*Your goal*
Please repeat exactly the lines below from the one containing "Chelsea House Apartments - Image 2" down to the one containing "Kitchen Cabinet Nzuri Mpya", both included, and nothing else.

*Input data*
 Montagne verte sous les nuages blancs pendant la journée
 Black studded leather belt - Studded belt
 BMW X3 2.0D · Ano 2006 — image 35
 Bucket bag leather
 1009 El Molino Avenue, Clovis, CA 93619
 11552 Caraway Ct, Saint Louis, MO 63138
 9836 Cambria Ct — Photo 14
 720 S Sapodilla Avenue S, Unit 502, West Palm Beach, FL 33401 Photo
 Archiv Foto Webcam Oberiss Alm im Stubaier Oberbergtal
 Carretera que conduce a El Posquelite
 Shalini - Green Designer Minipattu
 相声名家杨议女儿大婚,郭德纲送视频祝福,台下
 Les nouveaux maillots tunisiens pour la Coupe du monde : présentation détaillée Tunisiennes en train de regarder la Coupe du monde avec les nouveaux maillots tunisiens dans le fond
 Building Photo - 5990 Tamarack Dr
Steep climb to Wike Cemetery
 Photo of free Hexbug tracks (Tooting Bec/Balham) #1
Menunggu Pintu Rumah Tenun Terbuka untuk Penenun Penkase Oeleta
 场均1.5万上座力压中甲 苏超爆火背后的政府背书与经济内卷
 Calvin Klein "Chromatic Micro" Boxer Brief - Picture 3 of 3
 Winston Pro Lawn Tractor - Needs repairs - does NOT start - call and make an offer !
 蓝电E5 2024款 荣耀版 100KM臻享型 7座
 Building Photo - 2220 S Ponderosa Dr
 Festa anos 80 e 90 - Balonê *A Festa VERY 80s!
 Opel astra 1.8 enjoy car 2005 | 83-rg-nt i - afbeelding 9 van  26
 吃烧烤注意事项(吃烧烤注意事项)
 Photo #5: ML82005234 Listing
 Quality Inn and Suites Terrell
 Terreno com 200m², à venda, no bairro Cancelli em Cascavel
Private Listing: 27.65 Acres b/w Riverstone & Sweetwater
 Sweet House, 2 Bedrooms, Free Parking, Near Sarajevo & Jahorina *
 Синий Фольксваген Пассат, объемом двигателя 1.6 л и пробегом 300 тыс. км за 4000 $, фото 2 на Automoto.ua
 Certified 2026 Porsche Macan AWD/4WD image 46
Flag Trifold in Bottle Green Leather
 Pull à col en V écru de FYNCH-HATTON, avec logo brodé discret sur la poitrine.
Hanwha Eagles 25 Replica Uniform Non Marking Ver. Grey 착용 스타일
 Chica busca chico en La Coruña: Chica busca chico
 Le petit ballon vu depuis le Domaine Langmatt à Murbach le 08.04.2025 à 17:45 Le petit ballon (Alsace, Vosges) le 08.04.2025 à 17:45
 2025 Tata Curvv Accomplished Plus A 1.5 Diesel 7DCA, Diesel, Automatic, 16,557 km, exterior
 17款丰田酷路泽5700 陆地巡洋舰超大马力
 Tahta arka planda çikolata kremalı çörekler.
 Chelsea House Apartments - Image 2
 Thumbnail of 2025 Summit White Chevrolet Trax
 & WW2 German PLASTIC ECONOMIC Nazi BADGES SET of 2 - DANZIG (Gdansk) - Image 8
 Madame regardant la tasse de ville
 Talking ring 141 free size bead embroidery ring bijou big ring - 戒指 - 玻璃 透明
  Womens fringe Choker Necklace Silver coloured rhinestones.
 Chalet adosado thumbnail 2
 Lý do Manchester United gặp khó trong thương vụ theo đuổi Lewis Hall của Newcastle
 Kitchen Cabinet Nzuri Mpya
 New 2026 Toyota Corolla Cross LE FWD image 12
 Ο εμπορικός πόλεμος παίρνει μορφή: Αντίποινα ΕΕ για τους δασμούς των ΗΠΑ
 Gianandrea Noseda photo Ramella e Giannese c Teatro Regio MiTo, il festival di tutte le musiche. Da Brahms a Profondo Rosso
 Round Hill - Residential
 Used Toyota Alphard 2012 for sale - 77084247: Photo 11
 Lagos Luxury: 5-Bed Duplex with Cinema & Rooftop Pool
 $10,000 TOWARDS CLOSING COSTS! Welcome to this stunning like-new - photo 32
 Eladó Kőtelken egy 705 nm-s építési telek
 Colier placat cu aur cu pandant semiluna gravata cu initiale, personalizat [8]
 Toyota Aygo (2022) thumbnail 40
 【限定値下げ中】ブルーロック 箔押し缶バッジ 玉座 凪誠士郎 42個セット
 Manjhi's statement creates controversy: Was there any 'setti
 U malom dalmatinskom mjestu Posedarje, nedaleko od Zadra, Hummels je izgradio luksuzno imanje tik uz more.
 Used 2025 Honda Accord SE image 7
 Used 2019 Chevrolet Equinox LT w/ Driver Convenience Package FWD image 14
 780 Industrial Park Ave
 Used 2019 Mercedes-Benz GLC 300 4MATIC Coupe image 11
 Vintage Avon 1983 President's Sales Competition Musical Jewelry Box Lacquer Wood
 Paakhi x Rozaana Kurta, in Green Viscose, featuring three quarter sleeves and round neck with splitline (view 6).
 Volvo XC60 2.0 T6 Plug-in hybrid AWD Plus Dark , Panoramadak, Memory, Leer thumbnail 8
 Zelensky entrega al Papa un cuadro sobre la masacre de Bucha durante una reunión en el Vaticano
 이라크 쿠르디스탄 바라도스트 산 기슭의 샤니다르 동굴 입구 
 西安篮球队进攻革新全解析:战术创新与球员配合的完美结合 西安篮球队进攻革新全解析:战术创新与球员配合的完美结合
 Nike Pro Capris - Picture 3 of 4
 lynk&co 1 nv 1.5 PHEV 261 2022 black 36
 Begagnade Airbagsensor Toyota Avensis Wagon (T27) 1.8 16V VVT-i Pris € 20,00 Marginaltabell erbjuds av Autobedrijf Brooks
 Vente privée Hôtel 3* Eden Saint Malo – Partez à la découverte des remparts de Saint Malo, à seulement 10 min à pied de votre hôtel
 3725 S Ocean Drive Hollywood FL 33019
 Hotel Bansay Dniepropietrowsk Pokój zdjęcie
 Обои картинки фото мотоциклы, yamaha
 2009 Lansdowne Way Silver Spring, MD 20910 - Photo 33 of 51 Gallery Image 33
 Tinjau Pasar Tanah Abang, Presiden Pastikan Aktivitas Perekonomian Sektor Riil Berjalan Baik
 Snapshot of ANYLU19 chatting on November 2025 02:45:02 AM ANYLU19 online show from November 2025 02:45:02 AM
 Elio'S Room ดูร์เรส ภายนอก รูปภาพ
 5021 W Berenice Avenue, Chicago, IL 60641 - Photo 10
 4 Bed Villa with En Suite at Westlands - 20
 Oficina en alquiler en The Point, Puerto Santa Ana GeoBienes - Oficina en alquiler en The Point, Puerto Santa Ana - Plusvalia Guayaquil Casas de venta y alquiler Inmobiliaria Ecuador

*Solution to this exercise*
 Chelsea House Apartments - Image 2
 Thumbnail of 2025 Summit White Chevrolet Trax
 & WW2 German PLASTIC ECONOMIC Nazi BADGES SET of 2 - DANZIG (Gdansk) - Image 8
 Madame regardant la tasse de ville
 Talking ring 141 free size bead embroidery ring bijou big ring - 戒指 - 玻璃 透明
  Womens fringe Choker Necklace Silver coloured rhinestones.
 Chalet adosado thumbnail 2
 Lý do Manchester United gặp khó trong thương vụ theo đuổi Lewis Hall của Newcastle
 Kitchen Cabinet Nzuri Mpya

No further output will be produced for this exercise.